- DATASET CONTENT
--
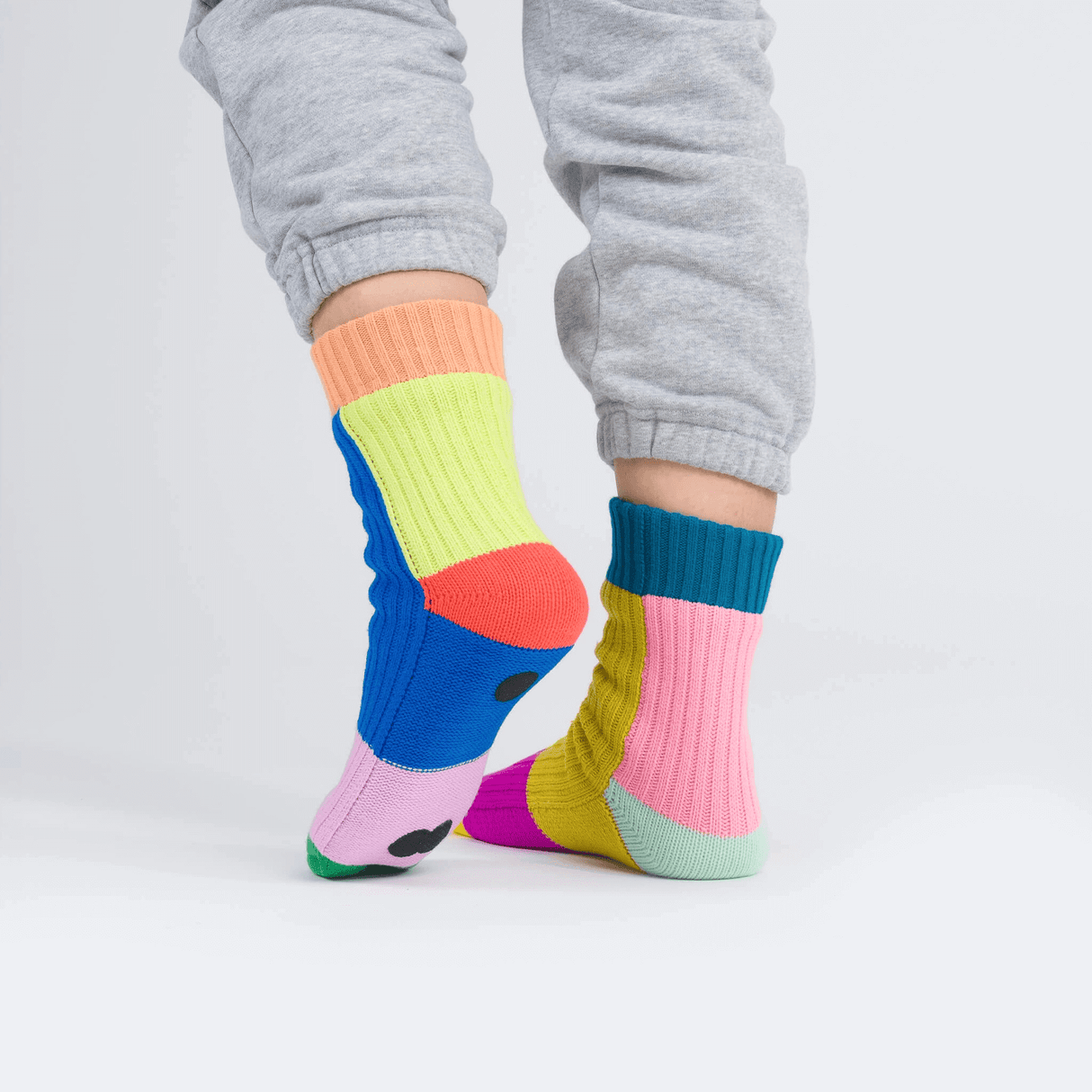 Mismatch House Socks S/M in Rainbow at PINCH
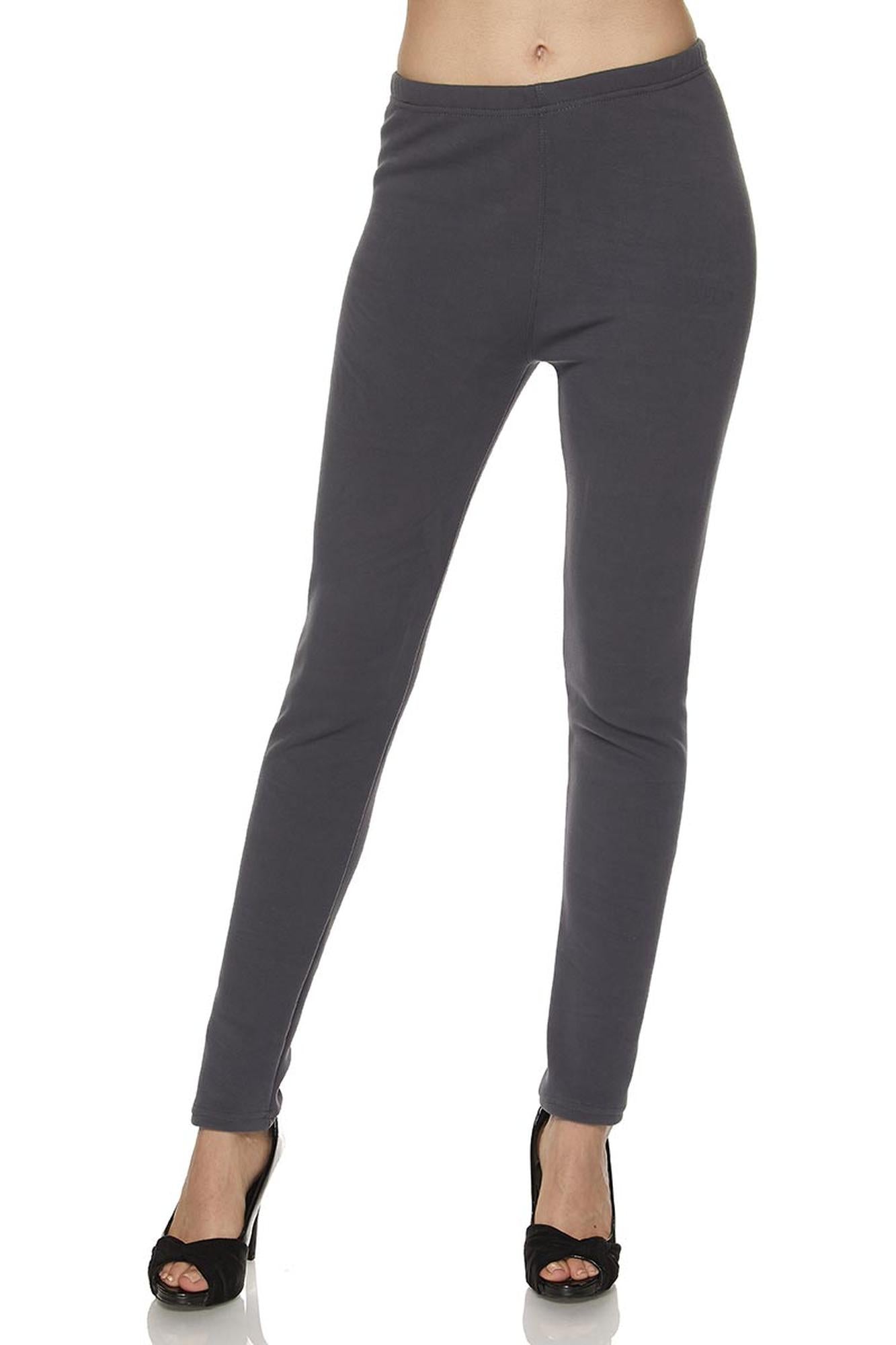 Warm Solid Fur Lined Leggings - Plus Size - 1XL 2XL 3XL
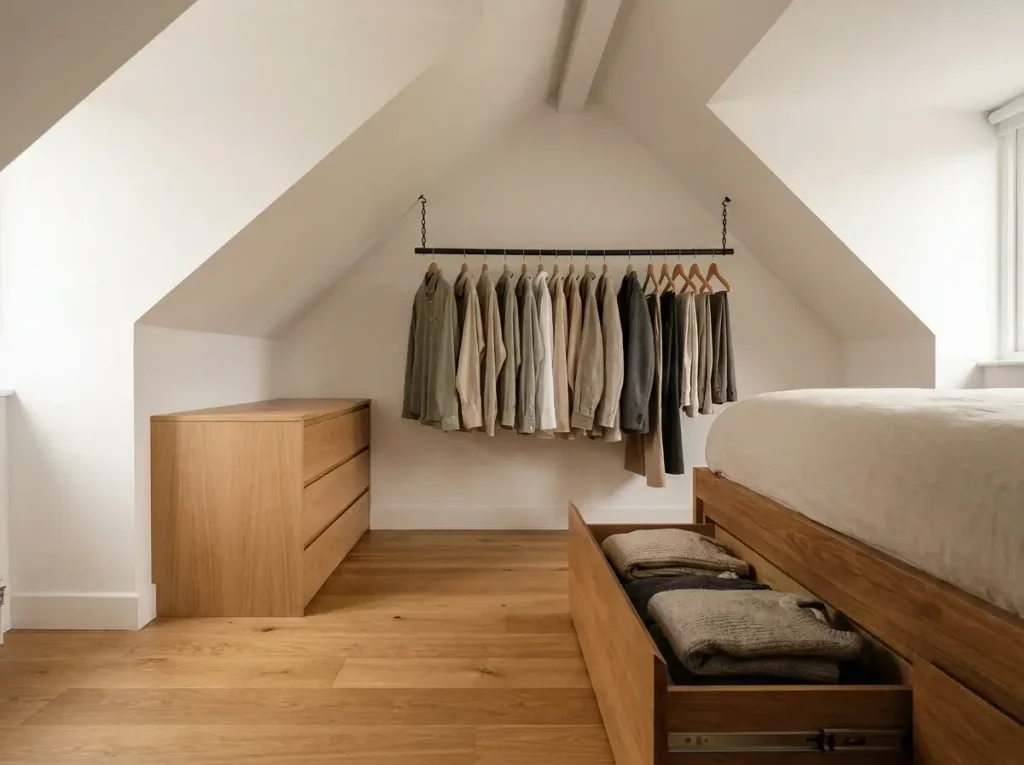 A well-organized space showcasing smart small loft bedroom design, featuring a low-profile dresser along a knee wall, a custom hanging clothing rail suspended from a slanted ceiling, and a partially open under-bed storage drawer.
--
Could you repeat the data exactly, omitting its pictures?

- ANSWER SPACE
 Mismatch House Socks S/M in Rainbow at PINCH
 Warm Solid Fur Lined Leggings - Plus Size - 1XL 2XL 3XL
 A well-organized space showcasing smart small loft bedroom design, featuring a low-profile dresser along a knee wall, a custom hanging clothing rail suspended from a slanted ceiling, and a partially open under-bed storage drawer.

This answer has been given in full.